Una de mis amigas acaba de perder al hombre que amaba. Este ha muerto. Las noches se le hacen eternas y solemos hablar por medio de ese invento del diablo llamado Whats App. En un momento determinado, me dijo que se moría de amor. Y yo le aseguré que nadie se muere de amor -tengo la conciencia de que si así fuera más de uno estaría criando malvas mucho tiempo-. Ella, entonces, apuntó que era posible que no se muriera de amor, pero sí de desamor. De igual manera le insistí en que tampoco, pero lo cierto es que estuve toda la noche, hasta que me rindió el orfidal, cavilando en nuestras palabras.
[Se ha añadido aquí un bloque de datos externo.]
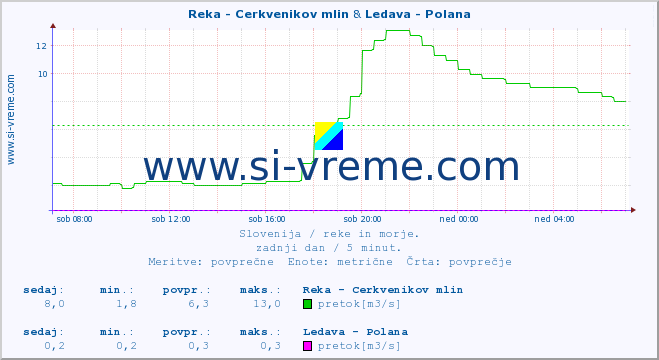 POVPREČJE :: Reka - Cerkvenikov mlin & Ledava - Polana :: temperatura | pretok | višina :: zadnji dan / 5 minut.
Amor y desamor, dos caras de la misma moneda. De esa moneda con la que un diosecillo, infantil y ciego, juega mientras lanza flechas amorosas a diestro y siniestro para dejarnos, después de heridos, al pairo de la dicha y desdicha, que, como todos los que amamos sabemos, conlleva a partes iguales el amor.

Pero… ¿qué puede hacer que andemos durante mucho tiempo añorando un amor que se fue? Y, cuando digo “se fue” no sólo me refiero a pasarse al otro lado de la Vida, sino a  los que se largaron con viento fresco buscando la frescura de otras carnes aunque éstas sean bastante menos frescas que las que abandonaron…? La nostalgia puede que sea un sentimiento poético, pero resulta mucho más peligrosa y paralizante de lo que nos creemos. Como nos recuerda su etimología, es un “dolor de regreso”: de nòstos que en griego antiguo significa regreso, y àlgos, dolor. Es decir, un viaje hacia atrás imposible, tanto si la causa es por muerte o por abandono.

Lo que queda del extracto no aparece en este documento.